Almost 5,000 individuals in Rhode Island are homeless, a figure that has jumped by almost 950 since 2007. This figure is part of a larger dispiriting picture of the economy of Rhode Island, whose unemployment rate, 8.7 percent, is the highest in the country. It has been estimated that about 40,000 jobs were lost in the state during the recession, and only half have been subsequently restored. Currently, residents making minimum wage struggle to find decent living arrangements. The Rhode Island Coalition for the Homeless estimates that a single worker making minimum wage would need to work 102 hours every week to pay for a two-bedroom apartment. Even prior to the recession, one in four renters in Rhode Island spent more than half their income paying for housing, leaving them incredibly vulnerable to homelessness in the face of rent hikes or job loss.

Further, funding cuts have besieged the nonprofit organizations intended to help those struggling in the downturn. In the face of such cuts, the Urban League of Rhode Island has been forced to close the men’s homeless shelter and temporarily shutter the Elmhurst women’s shelter. Similarly, state and city funding cuts have translated into less money for housing subsidies and food assistance.

While stimulus funding intended to offset budget cuts expired in 2012, the passage of the Homeless Bill of Rights was a bright spot. The text of the law ensures that homeless Rhode Islanders are ensured the right to vote and prevents discrimination against them while seeking jobs and housing. The Rhode Island Coalition for the Homeless has distributed hundreds of bilingual cards to individuals to help them understand their newfound rights and how to protect them. The Coalition continues to operate the Homeless Legal Clinic, which serves homeless and at-risk clients free of charge. The clinic utilizes the services of staffers, volunteer attorneys and students.

The Coalition has identified specific public policy initiatives to assist current homeless people and to help stabilize at-risk residents. These include discharge planning, emergency aid programs and tenant protection policies and laws. The only long-term solution, of course, is dedicated affordable housing with support programs. One organization in Rhode Island, Housing First, began in 2006 and demonstrated substantial benefits. Housing First had a success rate of 90 percent in providing supportive housing.
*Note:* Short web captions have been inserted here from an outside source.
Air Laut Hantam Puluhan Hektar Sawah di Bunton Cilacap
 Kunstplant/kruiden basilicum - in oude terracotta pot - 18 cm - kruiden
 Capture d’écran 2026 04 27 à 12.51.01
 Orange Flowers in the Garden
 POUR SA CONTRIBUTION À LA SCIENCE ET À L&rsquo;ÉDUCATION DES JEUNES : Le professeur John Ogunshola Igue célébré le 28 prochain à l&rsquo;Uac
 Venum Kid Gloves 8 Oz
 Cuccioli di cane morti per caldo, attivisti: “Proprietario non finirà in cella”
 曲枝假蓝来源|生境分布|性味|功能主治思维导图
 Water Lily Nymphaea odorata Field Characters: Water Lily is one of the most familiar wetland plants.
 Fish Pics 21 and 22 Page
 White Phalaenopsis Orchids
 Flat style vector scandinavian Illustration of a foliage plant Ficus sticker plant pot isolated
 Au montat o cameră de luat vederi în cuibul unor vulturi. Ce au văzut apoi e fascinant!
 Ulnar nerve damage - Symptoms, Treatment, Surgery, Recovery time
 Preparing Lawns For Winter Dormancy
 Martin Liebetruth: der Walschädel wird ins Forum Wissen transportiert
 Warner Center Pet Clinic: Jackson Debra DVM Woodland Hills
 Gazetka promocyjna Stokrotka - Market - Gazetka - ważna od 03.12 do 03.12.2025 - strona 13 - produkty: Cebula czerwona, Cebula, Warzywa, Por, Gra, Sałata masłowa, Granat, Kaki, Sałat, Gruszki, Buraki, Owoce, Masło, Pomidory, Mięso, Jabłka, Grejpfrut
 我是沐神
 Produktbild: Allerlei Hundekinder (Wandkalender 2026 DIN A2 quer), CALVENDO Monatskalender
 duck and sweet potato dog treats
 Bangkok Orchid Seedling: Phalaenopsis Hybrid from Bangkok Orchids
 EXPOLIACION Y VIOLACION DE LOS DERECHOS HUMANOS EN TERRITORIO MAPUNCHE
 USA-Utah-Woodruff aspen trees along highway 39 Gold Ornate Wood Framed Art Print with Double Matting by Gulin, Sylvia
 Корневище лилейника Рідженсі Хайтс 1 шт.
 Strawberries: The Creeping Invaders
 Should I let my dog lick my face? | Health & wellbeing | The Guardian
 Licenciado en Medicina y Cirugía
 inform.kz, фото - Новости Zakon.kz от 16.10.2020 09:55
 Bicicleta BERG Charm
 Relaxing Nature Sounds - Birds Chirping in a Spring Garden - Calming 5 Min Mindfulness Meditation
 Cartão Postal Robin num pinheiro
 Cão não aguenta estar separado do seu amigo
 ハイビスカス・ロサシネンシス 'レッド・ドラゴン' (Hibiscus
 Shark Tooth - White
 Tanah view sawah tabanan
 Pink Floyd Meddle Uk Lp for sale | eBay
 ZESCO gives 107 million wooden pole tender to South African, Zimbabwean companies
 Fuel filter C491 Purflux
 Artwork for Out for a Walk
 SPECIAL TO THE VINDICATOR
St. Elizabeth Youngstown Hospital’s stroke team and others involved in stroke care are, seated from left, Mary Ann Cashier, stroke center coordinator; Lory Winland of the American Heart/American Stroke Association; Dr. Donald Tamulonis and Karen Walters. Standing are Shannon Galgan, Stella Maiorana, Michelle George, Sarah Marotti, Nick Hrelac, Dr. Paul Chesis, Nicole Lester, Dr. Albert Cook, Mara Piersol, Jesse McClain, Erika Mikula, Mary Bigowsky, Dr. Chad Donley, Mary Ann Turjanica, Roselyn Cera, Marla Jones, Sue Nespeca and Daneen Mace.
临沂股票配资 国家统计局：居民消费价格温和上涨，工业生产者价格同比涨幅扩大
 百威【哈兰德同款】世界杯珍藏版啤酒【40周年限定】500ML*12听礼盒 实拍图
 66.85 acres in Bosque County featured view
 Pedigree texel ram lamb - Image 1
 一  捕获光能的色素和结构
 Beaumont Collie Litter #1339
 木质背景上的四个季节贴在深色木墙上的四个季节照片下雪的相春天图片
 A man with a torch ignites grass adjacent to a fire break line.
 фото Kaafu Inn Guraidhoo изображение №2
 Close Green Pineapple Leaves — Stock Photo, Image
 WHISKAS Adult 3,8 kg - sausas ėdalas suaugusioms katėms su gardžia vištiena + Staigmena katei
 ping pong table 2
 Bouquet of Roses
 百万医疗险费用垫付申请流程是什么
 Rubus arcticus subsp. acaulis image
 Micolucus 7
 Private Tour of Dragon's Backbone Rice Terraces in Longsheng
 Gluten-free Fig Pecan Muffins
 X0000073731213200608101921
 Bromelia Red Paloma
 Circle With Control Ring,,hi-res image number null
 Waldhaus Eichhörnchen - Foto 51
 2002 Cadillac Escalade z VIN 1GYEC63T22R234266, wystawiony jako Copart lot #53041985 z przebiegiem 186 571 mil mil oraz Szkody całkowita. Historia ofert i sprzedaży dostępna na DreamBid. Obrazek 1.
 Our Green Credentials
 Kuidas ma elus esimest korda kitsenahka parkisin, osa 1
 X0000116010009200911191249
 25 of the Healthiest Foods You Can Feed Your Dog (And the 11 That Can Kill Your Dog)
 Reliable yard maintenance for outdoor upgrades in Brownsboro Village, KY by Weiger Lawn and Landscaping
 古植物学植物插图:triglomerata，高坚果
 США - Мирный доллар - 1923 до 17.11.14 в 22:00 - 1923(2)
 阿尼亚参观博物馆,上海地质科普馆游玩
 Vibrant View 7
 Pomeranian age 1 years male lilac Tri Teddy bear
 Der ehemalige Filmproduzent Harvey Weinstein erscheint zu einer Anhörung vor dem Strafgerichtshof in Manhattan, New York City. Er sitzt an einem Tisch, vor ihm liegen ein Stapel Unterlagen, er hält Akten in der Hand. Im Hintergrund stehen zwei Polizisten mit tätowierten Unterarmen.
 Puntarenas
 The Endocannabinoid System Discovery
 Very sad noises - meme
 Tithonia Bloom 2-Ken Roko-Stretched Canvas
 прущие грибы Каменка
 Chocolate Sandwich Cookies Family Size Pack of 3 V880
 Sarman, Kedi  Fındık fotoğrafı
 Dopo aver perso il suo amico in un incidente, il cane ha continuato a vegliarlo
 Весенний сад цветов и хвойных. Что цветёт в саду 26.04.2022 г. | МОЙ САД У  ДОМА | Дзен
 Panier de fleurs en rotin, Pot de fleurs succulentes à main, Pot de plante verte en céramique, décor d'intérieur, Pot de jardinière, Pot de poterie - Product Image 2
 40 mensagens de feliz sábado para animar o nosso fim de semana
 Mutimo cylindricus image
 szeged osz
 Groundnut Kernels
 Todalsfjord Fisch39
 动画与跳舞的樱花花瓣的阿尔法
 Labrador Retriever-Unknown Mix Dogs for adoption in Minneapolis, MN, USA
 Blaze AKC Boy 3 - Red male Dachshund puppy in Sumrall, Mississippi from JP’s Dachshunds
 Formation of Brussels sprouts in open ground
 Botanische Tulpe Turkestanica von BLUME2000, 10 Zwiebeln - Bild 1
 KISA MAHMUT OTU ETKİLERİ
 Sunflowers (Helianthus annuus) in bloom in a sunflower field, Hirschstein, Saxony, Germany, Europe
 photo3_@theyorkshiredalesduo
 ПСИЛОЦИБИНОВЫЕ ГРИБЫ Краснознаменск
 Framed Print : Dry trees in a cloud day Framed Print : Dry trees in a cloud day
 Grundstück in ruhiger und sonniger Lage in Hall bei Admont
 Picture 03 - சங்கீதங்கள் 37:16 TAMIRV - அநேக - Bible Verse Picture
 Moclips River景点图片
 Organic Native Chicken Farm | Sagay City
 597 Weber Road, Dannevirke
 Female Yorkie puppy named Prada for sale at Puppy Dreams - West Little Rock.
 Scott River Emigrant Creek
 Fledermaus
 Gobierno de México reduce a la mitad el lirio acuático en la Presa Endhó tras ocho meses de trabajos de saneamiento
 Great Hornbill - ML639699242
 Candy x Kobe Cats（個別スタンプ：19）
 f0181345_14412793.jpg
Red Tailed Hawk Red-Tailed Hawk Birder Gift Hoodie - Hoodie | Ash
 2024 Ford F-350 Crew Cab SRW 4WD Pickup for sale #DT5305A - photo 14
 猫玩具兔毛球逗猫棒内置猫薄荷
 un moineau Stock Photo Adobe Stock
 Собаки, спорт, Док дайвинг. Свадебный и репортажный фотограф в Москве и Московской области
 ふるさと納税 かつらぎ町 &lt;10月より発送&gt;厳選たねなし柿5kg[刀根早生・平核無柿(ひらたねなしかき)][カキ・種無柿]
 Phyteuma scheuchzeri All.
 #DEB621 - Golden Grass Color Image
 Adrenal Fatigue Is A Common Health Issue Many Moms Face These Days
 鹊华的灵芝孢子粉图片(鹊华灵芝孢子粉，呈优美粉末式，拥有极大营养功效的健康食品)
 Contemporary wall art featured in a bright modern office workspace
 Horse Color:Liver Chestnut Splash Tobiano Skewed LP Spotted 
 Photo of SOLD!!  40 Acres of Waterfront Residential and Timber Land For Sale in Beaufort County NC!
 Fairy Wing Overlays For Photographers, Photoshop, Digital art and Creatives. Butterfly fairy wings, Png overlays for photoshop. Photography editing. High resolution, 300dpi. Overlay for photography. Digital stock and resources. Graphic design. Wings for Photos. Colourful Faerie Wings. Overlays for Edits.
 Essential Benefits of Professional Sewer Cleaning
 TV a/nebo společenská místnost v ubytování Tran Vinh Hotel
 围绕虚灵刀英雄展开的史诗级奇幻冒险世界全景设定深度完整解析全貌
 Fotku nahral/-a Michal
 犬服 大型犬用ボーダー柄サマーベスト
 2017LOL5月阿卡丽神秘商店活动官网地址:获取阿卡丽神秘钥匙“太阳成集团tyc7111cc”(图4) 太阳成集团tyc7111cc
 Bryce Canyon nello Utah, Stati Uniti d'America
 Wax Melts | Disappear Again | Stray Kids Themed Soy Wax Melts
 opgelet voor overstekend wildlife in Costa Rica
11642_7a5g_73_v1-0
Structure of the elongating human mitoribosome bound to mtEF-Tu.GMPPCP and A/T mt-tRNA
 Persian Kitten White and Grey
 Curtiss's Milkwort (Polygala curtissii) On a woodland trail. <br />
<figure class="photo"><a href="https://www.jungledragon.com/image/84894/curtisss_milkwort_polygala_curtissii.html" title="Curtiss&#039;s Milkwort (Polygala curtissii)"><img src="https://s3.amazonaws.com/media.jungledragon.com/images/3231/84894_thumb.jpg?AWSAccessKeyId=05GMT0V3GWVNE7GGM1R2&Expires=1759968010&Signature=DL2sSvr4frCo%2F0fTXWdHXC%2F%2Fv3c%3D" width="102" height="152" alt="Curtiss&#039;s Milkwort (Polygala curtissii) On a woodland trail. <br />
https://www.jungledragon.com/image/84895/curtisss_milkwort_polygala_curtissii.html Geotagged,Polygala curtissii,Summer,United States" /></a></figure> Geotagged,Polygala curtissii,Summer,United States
As we students explore the world around ourselves and choose our long-term career paths, it is important that we remember to support institutions such as the Coalition for the Homeless in a variety of ways. Some of us may choose to enter the nonprofit world directly, working every day to design programs that benefit our fellow citizens. Others may volunteer or work on campaigns to ensure that these organizations are adequately supported.

Whatever avenues we choose, we will have opportunities to assist and support the neediest around us. It is our responsibility to seek out these options beyond college when they are perhaps not as obviously accessible as, for example, the Swearer Center for Public Service. Homelessness in particular is a pervasive social issue that each of us bears a responsibility for and a common interest in fighting. However engrossed we become with our daily tasks, we must always step back and consider those who are too often left behind.